Automatic human activity analysis from videos is a very important area of research in computer vision with numerous applications such as surveillance, security, human machine interfaces, sports training, elderly care and monitoring, building smart home and public environments as well as mining web videos for activity based content. From a research point of view, of particular interest are the development of a) rich representations for human motion across several domains, 2) algorithms for tasks such as action recognition and tracking, and c) computationally efficient strategies for performing human activity analysis in very large data sets. In this talk we will address these challenges and propose features and methods for human activity analysis that are very general and can be applied across several domains. The common thread underlying all the methods is the need to explicitly model the temporal dynamics of human motion.

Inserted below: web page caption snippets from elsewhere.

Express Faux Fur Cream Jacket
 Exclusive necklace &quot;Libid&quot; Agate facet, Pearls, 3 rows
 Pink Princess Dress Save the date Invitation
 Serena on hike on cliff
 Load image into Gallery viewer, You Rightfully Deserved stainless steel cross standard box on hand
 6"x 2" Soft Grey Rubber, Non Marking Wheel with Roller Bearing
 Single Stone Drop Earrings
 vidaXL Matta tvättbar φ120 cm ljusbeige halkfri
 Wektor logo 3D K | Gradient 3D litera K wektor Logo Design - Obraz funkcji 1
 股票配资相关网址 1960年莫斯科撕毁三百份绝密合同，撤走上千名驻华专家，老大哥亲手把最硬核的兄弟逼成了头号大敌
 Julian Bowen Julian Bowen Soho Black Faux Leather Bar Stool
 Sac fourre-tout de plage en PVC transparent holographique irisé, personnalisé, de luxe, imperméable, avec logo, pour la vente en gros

We will first propose optical-flow based and medial-axis skeletal time series features to represent human motion in a scene. We will then model the temporal evolution of these feature time-series using dynamical systems with stochastic inputs and develop methods for comparing these dynamical systems for the purpose of human activity recognition. We will then address the issue of human activity tracking by proposing action-specific dynamic templates. The tracking problem will be posed as a joint optimization problem over the location of the person in the scene as well as the internal state of the dynamical system driving the particular activity. Finally, we will propose very fast approximate-nearest neighbor based methods on the space of dynamical systems for analyzing human motion and show that we can perform human activity recognition very efficiently albeit at a cost of slightly decreased accuracy. Our experimental analysis will show that using dynamical-systems based generative models for human activity perform very well in the above-mentioned tasks.
Speaker Biography
Rizwan Chaudhry received the BSc. (Honors) degree in 2005 with a double major in Computer Science and Mathematics from the Lahore University of Management Sciences in Lahore, Pakistan. Since 2006, he has been pursuing a Ph.D. in the Department of Computer Science at the Johns Hopkins University, where he has been associated with the Vision, Dynamics and Learning Lab under the guidance of Dr. Rene Vidal. His research interests are in the general areas of computer vision and machine learning, and more specifically, modeling dynamic visual phenomena, human activity recognition and tracking.